I record: il senatore Thurmond parlò 24 ore come il Mr Smith di Frank Capra al cinema
di Pierpaolo Velonà («Corriere della Sera», 26 luglio 2014)
Nei Paesi anglofoni lo chiamano filibustering: un termine che evoca velieri e scorribande piratesche. In Italia quest’«arte» antica è definita ostruzionismo ma la sostanza è la stessa: fiumi di emendamenti e orazioni infinite pur di ritardare o affossare una legge. Il fenomeno non è un’esclusiva nostrana. Anzi. Negli Usa la specialità raggiunse punte di virtuosismo nel 1957 quando il senatore democratico Strom Thurmond stabilì il record mondiale parlando per 24 ore e 18 minuti nel tentativo di stroncare il Civil Rights Act. Performance memorabile con ricca aneddotica correlata. Thurmond si preparò alla maratona sottoponendosi per giorni a bagni di vapore per disidratarsi ed evitare i richiami della natura. E citò pure la ricetta dei biscotti di sua nonna. Recentemente, ha fatto rumore l’impresa della senatrice texana Wendy Davis, che ha parlato per quasi 11 ore di fila, indossando un paio di strategiche scarpe da ginnastica. Il suo obiettivo? Boicottare la legge repubblicana che intendeva proibire l’aborto dopo la ventesima settimana. In Nuova Zelanda, nel 2000, l’opposizione arrivò a presentare emendamenti scritti in maori, con inevitabili richieste di traduzione, pur di rallentare i lavori. Il cinema Usa cita il filibustering in almeno un paio di episodi.

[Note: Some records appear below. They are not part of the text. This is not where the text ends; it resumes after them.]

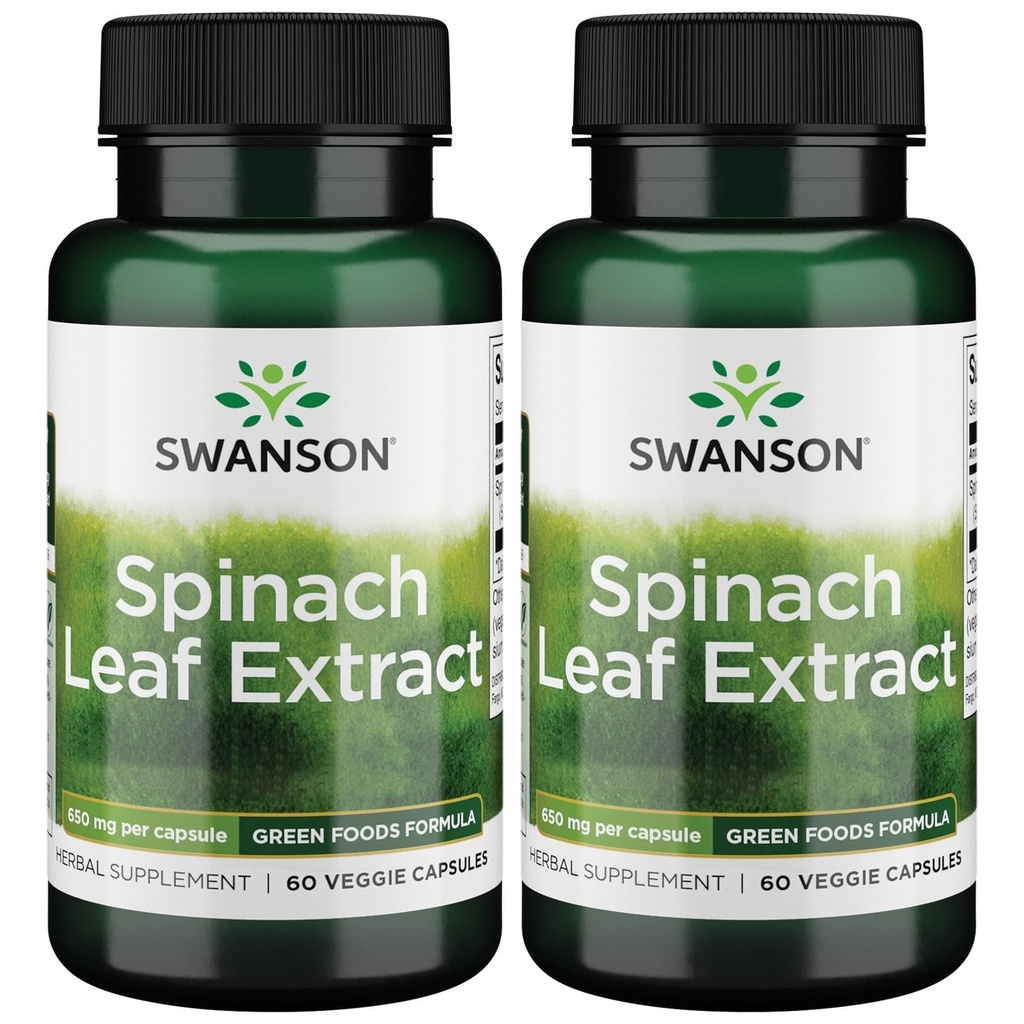 Swanson 菠菜叶提取 - 草药补充剂,促进整体健康 - 绿色食品配方w/有益Thylakoids & Chlorophyll - (60 Veggie Capsules,每包650毫克) (2包)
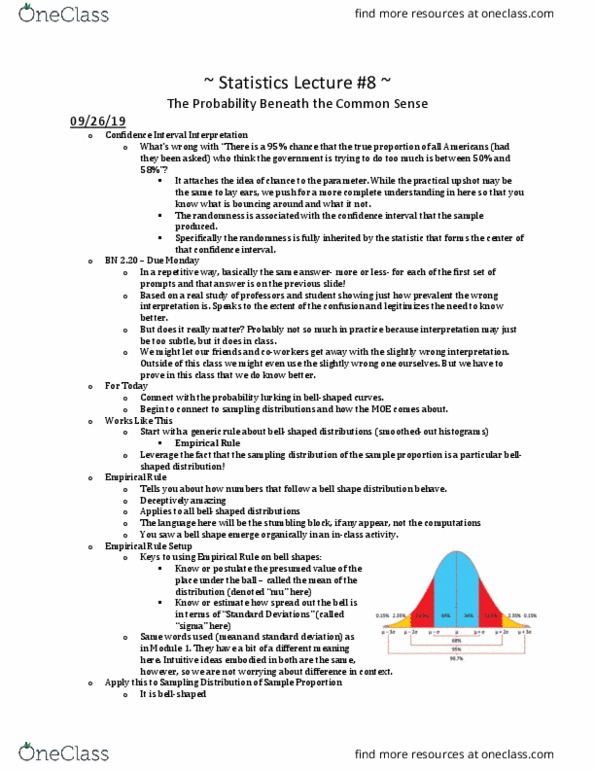 STA 210 Lecture Notes - Lecture 8: Confidence Interval, Sampling Distribution, Standard Deviation thumbnail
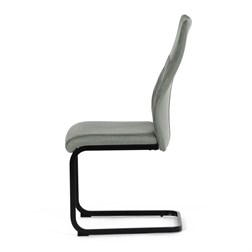 Židle jídelní, zelená látka, černý kov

Nel film di Frank Capra, Mister Smith va a Washington (1939), James Stewart è un senatore che si oppone alla costruzione di una diga e sconfigge gli speculatori con un discorso di 24 ore, al termine del quale cade a terra svenuto. Nella seconda stagione di House of Cards – la serie cult sugli intrighi della politica americana – il senatore Hector Mendoza viene condotto in aula ammanettato, pur di raggiungere il quorum indispensabile. In Italia, restando alle orazioni, il record è dell’ex deputato radicale Marco Boato che nel 1981 si esibì per 18 ore e 5 minuti contro la proroga del fermo di polizia, voluta da Cossiga. «Senza leggere, senza sedermi, senza interrompere – è la sua testimonianza –. Cominciai alle otto di sera e finii alle 14.20 del giorno successivo, e avevo ancora un paio d’ore d’autonomia». Nel Parlamento italiano il primo episodio di ostruzionismo, mutuato dall’Inghilterra, risale al 1899 quando la sinistra le provò tutte pur di bloccare i provvedimenti sulla pubblica sicurezza del ministero Pelloux. I primi a ricorrere in dosi massicce al filibustering furono però i comunisti. Nel 1949 il senatore Carlo Cerruti intervenne per 8 ore e mezzo contro l’adesione alla Nato. Da lì in avanti, i sermoni monstre sarebbero stati il marchio distintivo della prima Repubblica con campioni indiscussi come Almirante e Pannella. Negli anni l’ostruzionismo nostrano si è rifugiato in pratiche fisicamente meno estenuanti. A partire dalle raffiche di emendamenti. Stratagemma utilizzato già nel 1953, quando l’opposizione ne presentò 1.600 per bloccare la legge elettorale definita «truffa». Tutto inutile: il testo passò in Senato dopo una seduta di 77 ore e 50 minuti. Il dibattito degenerò in rissa e il presidente Meuccio Ruini fu colpito da una tavoletta di legno. E se a qualcuno i 7.850 emendamenti presentati ora in Senato sul ddl riforme sembrano tanti, c’è ancora chi ricorda con terrore le 130mila modifiche alla legge di stabilità firmate dalla deputata indipendente Mara Malavenda. Un esempio che fece scuola: in Francia, nel 2006, il centrosinistra ne presentò 137.449 contro la privatizzazione di Gaz de France. Con una certa originalità, tra il ’96 e il 2001 il leghista Luigi Peruzzotti abusò invece delle richieste di numero legale inoltrandone 4mila. Lo chiamavano Ostruzionix, per le sue presunte «radici celtiche».